Thursday, March 7, 2013
Thoughts on The Magic Mirror and the Seventh Dwarf
The Magic Mirror and the Seventh Dwarf
By Tia Nevitt
First published: 18 February 2013 by Carina Press
Series: Accidental Enchantments #2
Read: 15-19 Februrary 2013
E-arc received from the publisher through NetGalley
Goodreads | Amazon
Prince Richard is cursed. Enslaved to a magic mirror, he must truthfully answer the evil queen when she uses it to call on him. To keep from betraying innocents, Richard wanders the countryside and avoids people.
All her life, Gretchen has been teased for being small. When she hears of a hidden farm populated by little people like her, she sets out to find it—and is welcomed by the mostly male inhabitants. Lars in particular woos her with his gentle kindness and quiet strength.
Danger looms when Gretchen meets a runaway princess and offers her shelter at the Little Farm. Wandering nearby, Richard instantly falls in love with the beautiful princess, and is later compelled to tell the queen that she is not the fairest of them all. Enraged, the queen vows to find them and destroy them.
If either Gretchen or Richard are to have their happy endings, they must team up to break the mirror's spell before the queen kills them all… (Goodreads)
So begins this retelling of Snow White and the Seven Dwarves, and those two words were all it took to get me hooked. We are thrown straight into the story where Prince Richard, slave of the Magic Mirror, is trying to escape from always having to tell the Queen the truth. I instantly liked Richard and unlike most fairy tale princes, his character develops throughout the story, making me like him even more.
We are then introduced to Gretchen, a dwarf in her late twenties who all her life has been bullied because of her size. When she hears about a farm where there are other people like her, she decides to leave her home to find it, because she wants to be with people like herself. Gretchen is a very interesting character; strong and independent, but kind and selfless despite having met so much hostility from other people. She doesn't want a husband as much as she wants somewhere to belong. "I'm not looking for love, Mother," she says before leaving. "Just someone who will accept me. Maybe love will come in time." If I wasn't already rooting for her, I certainly was from that point on.

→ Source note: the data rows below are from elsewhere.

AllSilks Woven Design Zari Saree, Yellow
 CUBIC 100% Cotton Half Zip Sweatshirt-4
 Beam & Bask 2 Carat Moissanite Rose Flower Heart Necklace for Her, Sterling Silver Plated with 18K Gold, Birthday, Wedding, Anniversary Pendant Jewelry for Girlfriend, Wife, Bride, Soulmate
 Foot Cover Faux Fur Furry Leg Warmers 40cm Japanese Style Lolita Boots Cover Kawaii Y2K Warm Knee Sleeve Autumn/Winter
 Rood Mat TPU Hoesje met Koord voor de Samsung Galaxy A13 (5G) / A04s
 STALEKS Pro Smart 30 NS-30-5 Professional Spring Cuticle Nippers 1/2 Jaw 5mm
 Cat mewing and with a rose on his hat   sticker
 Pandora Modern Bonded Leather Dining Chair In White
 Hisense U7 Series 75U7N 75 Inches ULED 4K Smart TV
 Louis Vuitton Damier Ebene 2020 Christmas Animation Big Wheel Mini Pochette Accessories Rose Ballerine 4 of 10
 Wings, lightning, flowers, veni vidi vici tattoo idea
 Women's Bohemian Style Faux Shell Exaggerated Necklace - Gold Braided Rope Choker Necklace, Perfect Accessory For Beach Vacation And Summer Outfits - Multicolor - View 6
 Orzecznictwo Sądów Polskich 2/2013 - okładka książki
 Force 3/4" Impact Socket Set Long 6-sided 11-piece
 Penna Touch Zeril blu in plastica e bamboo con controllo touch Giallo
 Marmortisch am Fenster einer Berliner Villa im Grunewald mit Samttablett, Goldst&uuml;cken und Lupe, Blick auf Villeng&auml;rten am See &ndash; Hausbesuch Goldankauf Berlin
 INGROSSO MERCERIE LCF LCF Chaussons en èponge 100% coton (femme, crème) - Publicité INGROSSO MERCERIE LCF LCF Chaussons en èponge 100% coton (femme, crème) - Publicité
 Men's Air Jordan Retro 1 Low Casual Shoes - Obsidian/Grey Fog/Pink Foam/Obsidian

Naturally there is also the brave and beautiful princess and the evil queen, as well as many other elements you will recognise from the original fairy tale of Snow White. Tia Nevitt weaves it all together in a refreshing and surprising way and I was never once bored (like I always am with the original story - even the Disney film). Now, this is a fairy tale and that does of course mean we all know how it's going to end. But the journey towards that ending is quite different from what you'd expect and I thoroughly enjoyed it.